L’assessore alla Mobilità di Roma Capitale, Guido Improta, chiede per la nuova città metropolitana l’accesso diretto alle risorse del Fondo nazionale Trasporti. La richiesta è più che legittima, considerato che su Roma si concentra il 70 per cento del traffico dell’intera regione ma le risorse attribuite alla Capitale si fermano solo al 26 per cento.

Oggi sono le grandi città ad essere motore dell’economia e a produrre ricchezza, ma pretendere che organizzino lo sviluppo di un moderno sistema dei trasporti contando solo sulle tasse dei cittadini residenti è un evidente anacronismo. Aggiungiamo a ciò che il nostro Paese ha regole dell’Ottocento per gestire realtà che dovrebbero essere capaci di proiettarsi nel nuovo millennio: tutte le grandi metropoli hanno agenzie o organismi che coordinano gli interventi e programmano i servizi per rispondere a quella che è l’effettiva domanda di trasporto.
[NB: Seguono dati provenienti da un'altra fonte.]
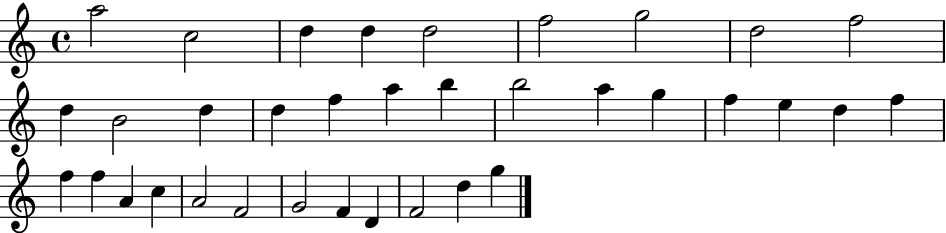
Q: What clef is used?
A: treble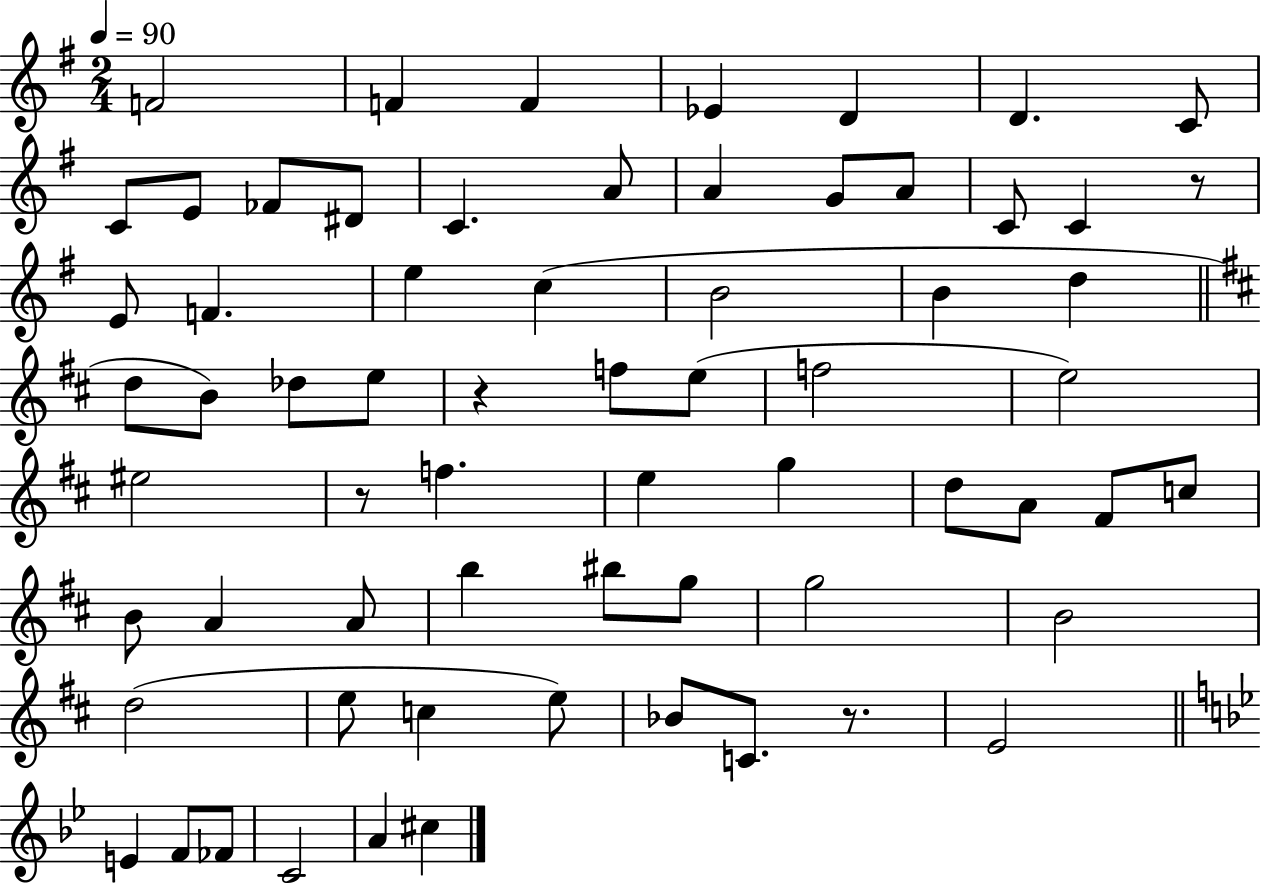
F4/h F4/q F4/q Eb4/q D4/q D4/q. C4/e C4/e E4/e FES4/e D#4/e C4/q. A4/e A4/q G4/e A4/e C4/e C4/q R/e E4/e F4/q. E5/q C5/q B4/h B4/q D5/q D5/e B4/e Db5/e E5/e R/q F5/e E5/e F5/h E5/h EIS5/h R/e F5/q. E5/q G5/q D5/e A4/e F#4/e C5/e B4/e A4/q A4/e B5/q BIS5/e G5/e G5/h B4/h D5/h E5/e C5/q E5/e Bb4/e C4/e. R/e. E4/h E4/q F4/e FES4/e C4/h A4/q C#5/q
In Italia, ognuno procede per conto suo e anzi è legittimo esprimere il dubbio che debba essere ancora la Regione a sovrintendere alla politica dei trasporti ed essere l’interlocutore dei vari soggetti.

Fa veramente ridere (per non dire peggio) che il Comune di Roma abbia la gestione dell’esercizio (cioè della circolazione dei treni) di una ferrovia come la Roma-Lido e praticamente nessuna voce in capitolo sulle ferrovie che attraversano l’area urbana, sono collegate alle metropolitane e via dicendo. E cambiare questi assetti è un’impresa che – con tutta probabilità – non riuscirà neanche al “donchisciotte” Improta, considerata la tenacia con cui ogni organismo difende le sue competenze.

Alla fine, emerge un paradosso: forse più che le provincie sarebbe stato utile concentrarsi ad abolire le regioni. Ha ragione ancora una volta Improta a sostenere che Rieti e Viterbo – in termini trasportistici – hanno maggiore interesse a collegamenti con territori come l’Abruzzo o l’Umbria piuttosto che con un capoluogo assegnatogli da una suddivisione napoleonica. Il discorso è ovviamente paradossale, ma nei paradossi spesso si nasconde la verità.